From left: Brothers Trevor Whittingham, David Atkinson and the WA Condominiums
Banco Popular has filed a lawsuit to foreclose on the WA Condominiums in Harlem, after the developers allegedly defaulted on $13.2 million in loans.
According to the suit filed last Thursday, the developers, brothers
Trevor Whittingham and David Atkinson, borrowed $11.1 million in 2006
to build the 35-unit boutique condo, one of the high-end developments
in Harlem built during the boom, at 2201 Adam Clayton Powell Boulevard
at 130th Street.
The developers also took out a $2 million project loan and a $2.6
million acquisition loan from MTM Realty, the latter which was later
assigned to Puerto Rico-based Banco Popular.
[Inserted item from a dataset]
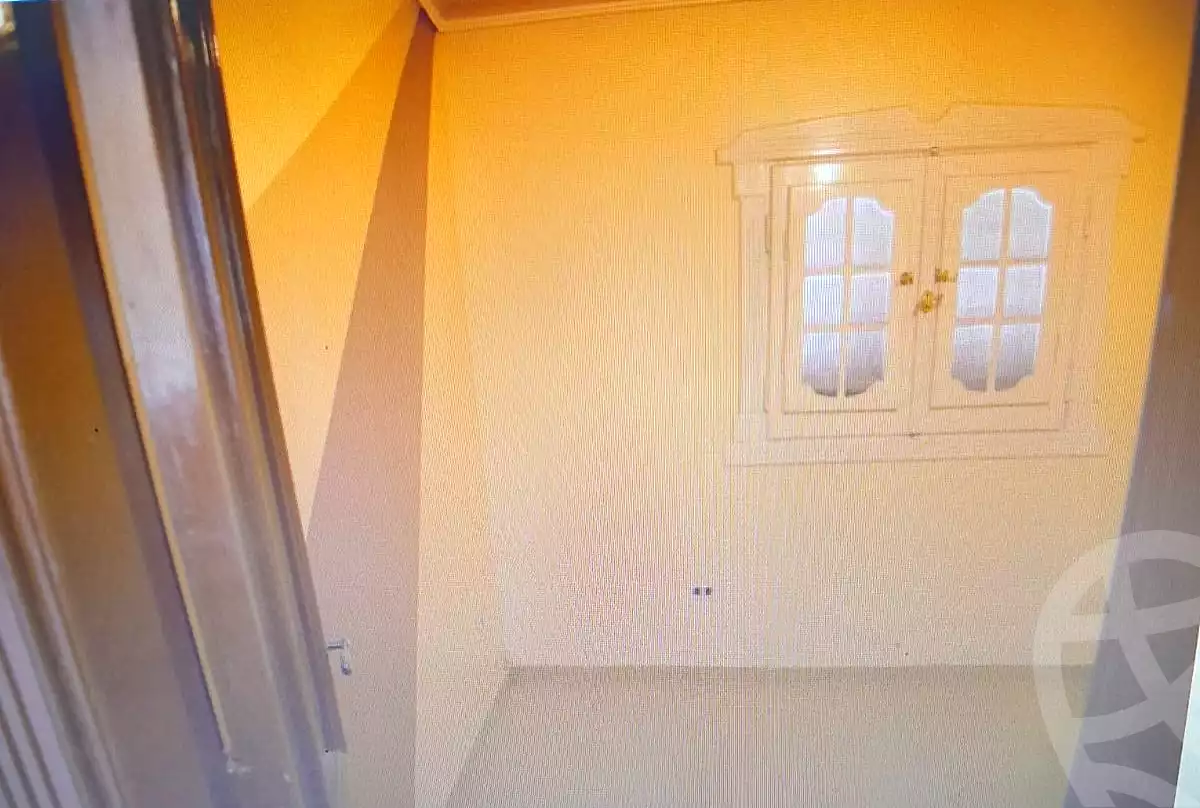 https://aqarmap.com.eg/ar/listing/6723772-for-sale-cairo-el-sheikh-zayed-city-alex-cairo-desert-road-mdyn-sfnks-ljdyd-sandorini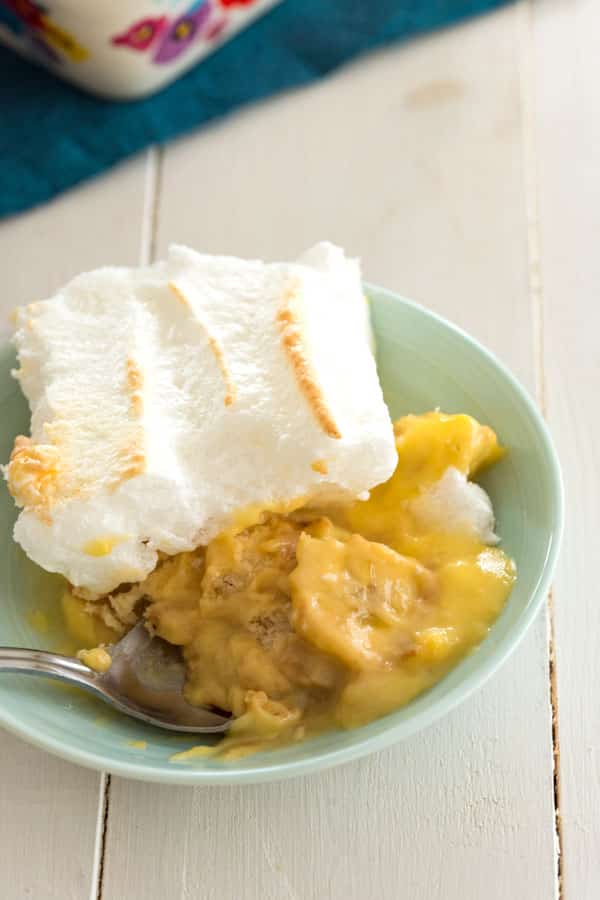 &iexcl;El MEJOR pud&iacute;n casero de banano de SCRATCH! &iexcl;Esta antigua receta de postre del sur tiene una cobertura de merengue y obleas de Nilla!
In October 2009, Galaxy General Contracting, based in the Bronx, filed
suit in State Supreme Court alleging it was terminated as a contractor
from the project and was met with armed guards when it tried to
retrieve its equipment from the property. By February, Galaxy General
filed suit to foreclose on $2.75 million in unpaid mechanic’s liens.
The foreclosure suit alleges the developers failed to get a temporary
certificate of occupancy by Nov. 30, 2009, which is the date when the
loan matured. The suit alleges the developers also failed to properly
secure the property, leading the bank to ask for a court-appointed
receiver to oversee the premises.
“Unless Banco Popular is authorized by this court to employ watchmen to
protect the mortgaged property, [and] the receiver is immediately
appointed By The Court, Banco Popular will suffer irreparable harm by
the devaluation, destruction and deterioration of the mortgaged
property,” lawyers for Banco Popular said in the complaint.
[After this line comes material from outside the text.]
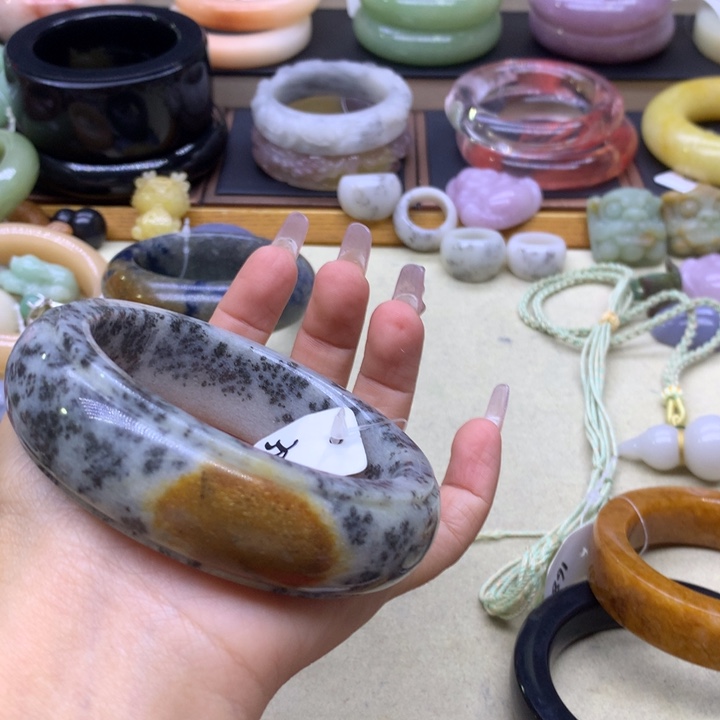 石英质玉135789087656未镶嵌方***洞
The developers declined to comment on the case in any detail.
“Call Banco Popular,” Atkinson said. “I didn’t file the lis pendens, they did.”
Banco Popular declined to comment, citing the pending litigation.
As The Real Deal previously reported, WA Condominiums had amenities rarely seen in Harlem,
including an indoor atrium, air conditioned garage, 24-hour concierge,
fitness center and swimming pool. The developers hoped to attract a
combination of foreign investors and New Yorkers looking for a high-end
unit in what was one of the city’s hottest emerging markets.
To that end, the developers hired architect Marc Spector of the Spector
Group, whose clients include the Securities and Exchange Commission,
Merrill Lynch and Stephen Weiss Studio.
Critics claimed that asking prices were well above the market, with
prices topping out at $1,657 a square foot for a three-bedroom unit.
According to Streeteasy.com, the listings have been taken off the
market at the property. No information was available about the number
Broker Robin Prescod, managing partner of Harlem Homes Realty, told The Real Deal that
many condo projects were priced with the expectation that foreign money
would fuel the boom, however most of those projections were dashed by
the credit crisis.
“I think a lot of them were looking to the European market [to come in]
and keep it as pieds-a-terre,” Prescod said. “Then they would hope for
the residents of New York to want to move uptown.”